Problem statement: Check each line below for the word "strap", and copy those that have it.

□ □ □ □ □

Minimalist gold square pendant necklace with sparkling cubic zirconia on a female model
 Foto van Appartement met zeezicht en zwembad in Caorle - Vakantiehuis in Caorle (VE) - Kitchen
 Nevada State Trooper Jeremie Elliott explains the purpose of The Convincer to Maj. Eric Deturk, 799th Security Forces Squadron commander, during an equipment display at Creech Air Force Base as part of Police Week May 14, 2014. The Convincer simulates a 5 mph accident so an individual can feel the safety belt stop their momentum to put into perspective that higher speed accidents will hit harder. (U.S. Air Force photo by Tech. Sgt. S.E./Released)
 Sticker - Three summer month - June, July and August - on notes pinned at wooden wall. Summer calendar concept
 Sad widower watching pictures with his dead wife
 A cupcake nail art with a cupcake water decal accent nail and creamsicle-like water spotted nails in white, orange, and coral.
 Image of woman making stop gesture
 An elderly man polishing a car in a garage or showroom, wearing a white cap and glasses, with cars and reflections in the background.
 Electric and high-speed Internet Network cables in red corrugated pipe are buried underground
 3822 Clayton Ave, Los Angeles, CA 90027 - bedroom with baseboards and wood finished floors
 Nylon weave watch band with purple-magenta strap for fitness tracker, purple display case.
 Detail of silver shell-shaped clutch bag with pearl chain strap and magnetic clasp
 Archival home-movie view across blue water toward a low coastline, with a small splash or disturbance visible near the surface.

□ □ □ □ □

Answer area:
 Nylon weave watch band with purple-magenta strap for fitness tracker, purple display case.
 Detail of silver shell-shaped clutch bag with pearl chain strap and magnetic clasp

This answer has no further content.